Solar3D just unveiled the first prototype of a new three-dimensional photovoltaic cell that it claims can achieve a groundbreaking internal efficiency of 25.47%. Traditional solar cells on today’s market waste as much as 30% of incident sunlight due to reflection – energy that the three-dimensional solar cell should be able to harness. Solar3D claims this next generation of solar cells will be “dramatically more efficient”, which ultimately will make solar more affordable.
To produce its 3D solar cell the company worked with Panasonic and found inspiration in fiber optic devices and the light-management techniques that are used to create them. Their three-dimensional design includes micro-photovoltaic structures that “trap” photons, keeps them around until they are successfully converted into electrons.
Solar3D‘s technology also trumps conventional solar cells with its wide angle of light collection. Today’s typical solar cell is notoriously inefficient during morning and evening hours. The cell surface of Solar3D’s solar cell forces electrons into the micro-photovoltaic structures you can see above. Solar3D states: “As the sun moves across the sky, throughout the day or year, the Solar3D cell will be able to maintain its high conversion efficiency, as if the sun was directly above it.”

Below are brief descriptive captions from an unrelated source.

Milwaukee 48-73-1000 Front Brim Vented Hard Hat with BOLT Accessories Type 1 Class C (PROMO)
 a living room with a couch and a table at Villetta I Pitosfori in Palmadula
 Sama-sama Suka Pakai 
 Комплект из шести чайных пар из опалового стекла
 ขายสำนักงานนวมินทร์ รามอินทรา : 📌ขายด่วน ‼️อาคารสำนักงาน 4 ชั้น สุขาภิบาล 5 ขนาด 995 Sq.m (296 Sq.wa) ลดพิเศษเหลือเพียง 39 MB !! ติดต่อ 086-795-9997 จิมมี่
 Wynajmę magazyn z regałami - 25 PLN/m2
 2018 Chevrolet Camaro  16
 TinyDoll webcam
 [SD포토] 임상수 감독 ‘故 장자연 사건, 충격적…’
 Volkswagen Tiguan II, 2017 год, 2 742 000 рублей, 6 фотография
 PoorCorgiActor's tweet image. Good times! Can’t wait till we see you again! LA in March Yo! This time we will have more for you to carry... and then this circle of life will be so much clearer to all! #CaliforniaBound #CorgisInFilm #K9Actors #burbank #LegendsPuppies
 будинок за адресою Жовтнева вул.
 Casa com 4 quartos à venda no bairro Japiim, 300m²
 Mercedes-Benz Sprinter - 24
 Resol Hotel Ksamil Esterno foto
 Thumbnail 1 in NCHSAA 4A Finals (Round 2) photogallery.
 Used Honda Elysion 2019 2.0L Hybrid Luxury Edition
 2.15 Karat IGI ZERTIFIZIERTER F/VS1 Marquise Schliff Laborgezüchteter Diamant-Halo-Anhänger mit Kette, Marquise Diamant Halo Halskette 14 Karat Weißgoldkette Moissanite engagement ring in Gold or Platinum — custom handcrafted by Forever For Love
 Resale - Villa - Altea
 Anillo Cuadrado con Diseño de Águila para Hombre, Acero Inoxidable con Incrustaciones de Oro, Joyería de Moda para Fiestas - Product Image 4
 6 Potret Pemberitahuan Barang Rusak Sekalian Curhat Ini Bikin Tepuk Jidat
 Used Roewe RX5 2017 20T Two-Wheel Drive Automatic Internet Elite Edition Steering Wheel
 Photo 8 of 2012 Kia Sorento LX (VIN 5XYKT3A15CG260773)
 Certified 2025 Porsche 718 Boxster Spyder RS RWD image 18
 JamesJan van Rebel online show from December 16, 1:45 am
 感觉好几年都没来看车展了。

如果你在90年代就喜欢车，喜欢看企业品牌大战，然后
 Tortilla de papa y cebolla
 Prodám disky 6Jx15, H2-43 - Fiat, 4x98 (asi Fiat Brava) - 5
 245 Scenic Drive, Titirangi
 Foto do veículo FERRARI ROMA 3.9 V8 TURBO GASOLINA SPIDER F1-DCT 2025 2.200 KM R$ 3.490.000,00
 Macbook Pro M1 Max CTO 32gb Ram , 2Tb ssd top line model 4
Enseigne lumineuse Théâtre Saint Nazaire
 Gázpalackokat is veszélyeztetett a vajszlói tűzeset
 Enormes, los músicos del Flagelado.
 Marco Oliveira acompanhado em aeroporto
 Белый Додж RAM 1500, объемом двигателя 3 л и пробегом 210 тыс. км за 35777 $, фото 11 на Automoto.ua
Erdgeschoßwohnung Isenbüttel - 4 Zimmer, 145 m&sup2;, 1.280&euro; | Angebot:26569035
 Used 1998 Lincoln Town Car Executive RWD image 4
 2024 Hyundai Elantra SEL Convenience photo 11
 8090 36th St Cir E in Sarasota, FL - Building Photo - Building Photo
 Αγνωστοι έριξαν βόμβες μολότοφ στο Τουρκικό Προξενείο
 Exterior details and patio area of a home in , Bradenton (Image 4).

“We are pleased to announce the successful fabrication our initial prototype. After the rigorous research and analytical effort of completing an optimized design of our high efficiency 3D solar cell using advanced semiconductor software, our next challenge was making a working prototype. […] Now, we have put that process to the test and successfully fabricated a meaningful area of precise 3-dimensional photovoltaic nanostructures on the surface of a silicon wafer.” Says Dr. Changwan Son, the Director of Technology at Solar3D.
The bottom line is this: Traditional crystalline-based solar cells typically have a conversion rate between 15 to 19 percent, while Solar3D claims to have an internal efficiency of 25.47%. This is a bold claim, but if they succeed while keeping production costs down there’s a good chance that three-dimensional solar cells are here to stay.